▶ _EXERCISE AIM_
Once you reach the line with "Solid Color Party", transcribe it and every line after it to the end of the records, exactly, but not the pictures.

(Dataset items)
+ + + + +

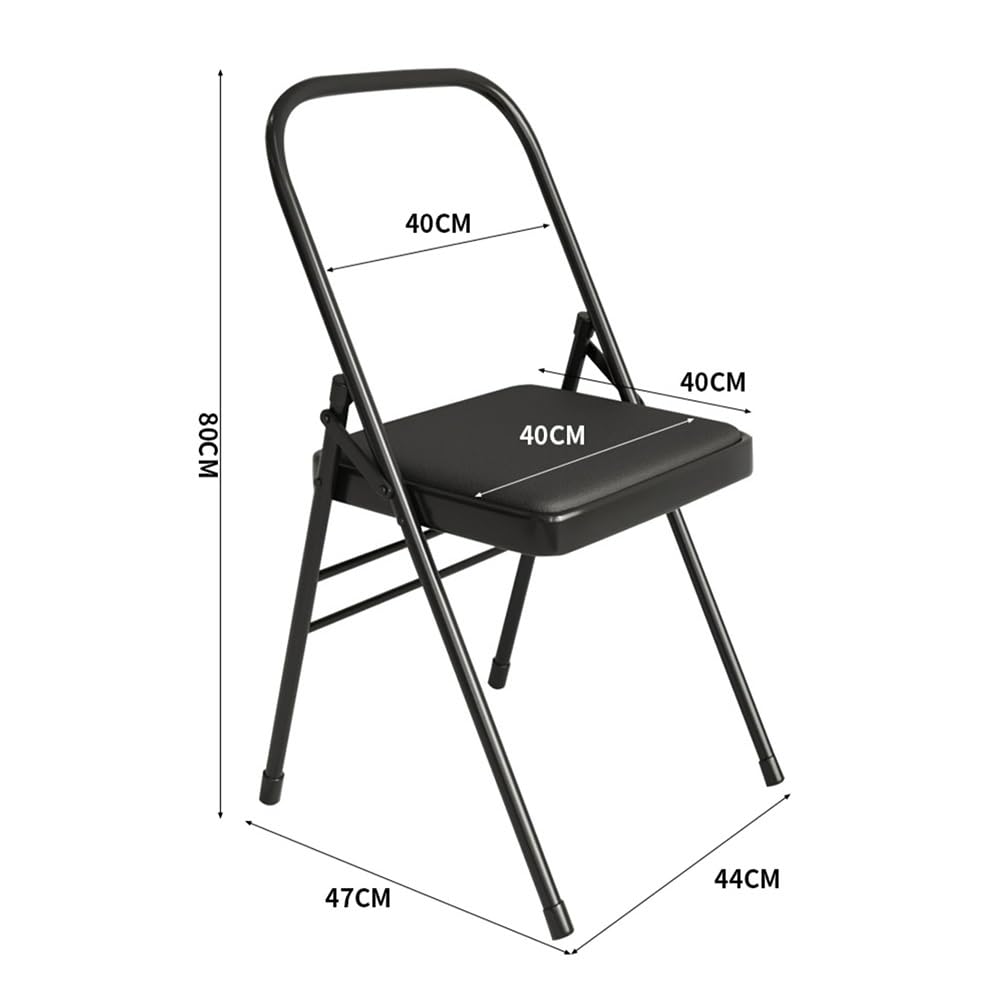 Silla de yoga plegable para Iyengar, silla auxiliar antideslizante para flexibilidad y entrenamiento de fuerza, perfecta para equilibrio y paradas de manos, color marrón
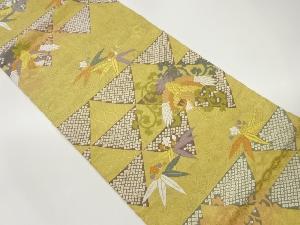 鳳凰に三角・草花模様織出し袋帯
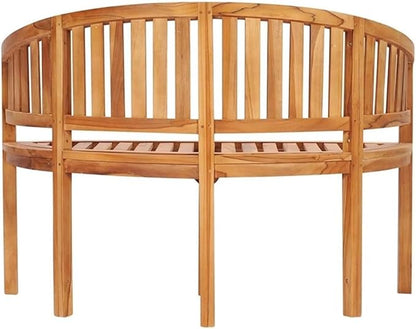 Pemberly Row 47.2" Teak Wood Garden Bench, Natural Finish, Crescent Design, Seats 2, Durable Outdoor Furniture for Patios, Gardens, Terraces, Easy Maintenance, 33.86" H x 20.5" W x 47.24" D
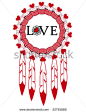 vector native American Indian medicine shield for Valentine's day - stock vector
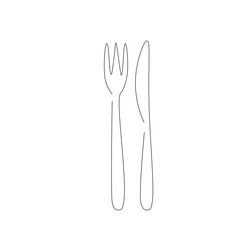 Fork and knife silhouette vector illustration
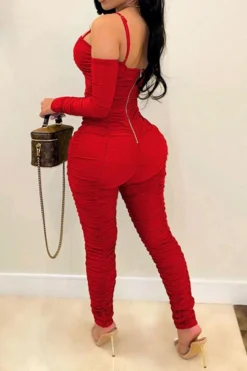 Solid Color Party Pencil Ruffles Jumpsuit -Prettytina C21112310 RE 2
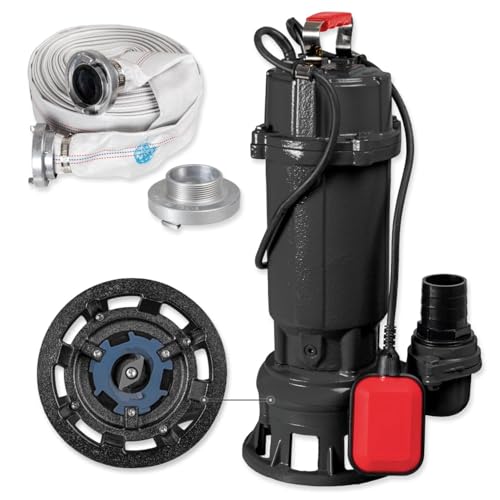 WALTER Schmutzwassertauchpumpe inkl. Schneidwerk, 20m C-Schlauch (1100W, 21.000l/h, Förderhöhe max. 15m, Anschlusskabel 8m, Thermoschutz) Fäkalienpumpe mit Zerkleinerer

+ + + + +

▶ _REPLY TO THE EXERCISE_
 Solid Color Party Pencil Ruffles Jumpsuit -Prettytina C21112310 RE 2
 WALTER Schmutzwassertauchpumpe inkl. Schneidwerk, 20m C-Schlauch (1100W, 21.000l/h, Förderhöhe max. 15m, Anschlusskabel 8m, Thermoschutz) Fäkalienpumpe mit Zerkleinerer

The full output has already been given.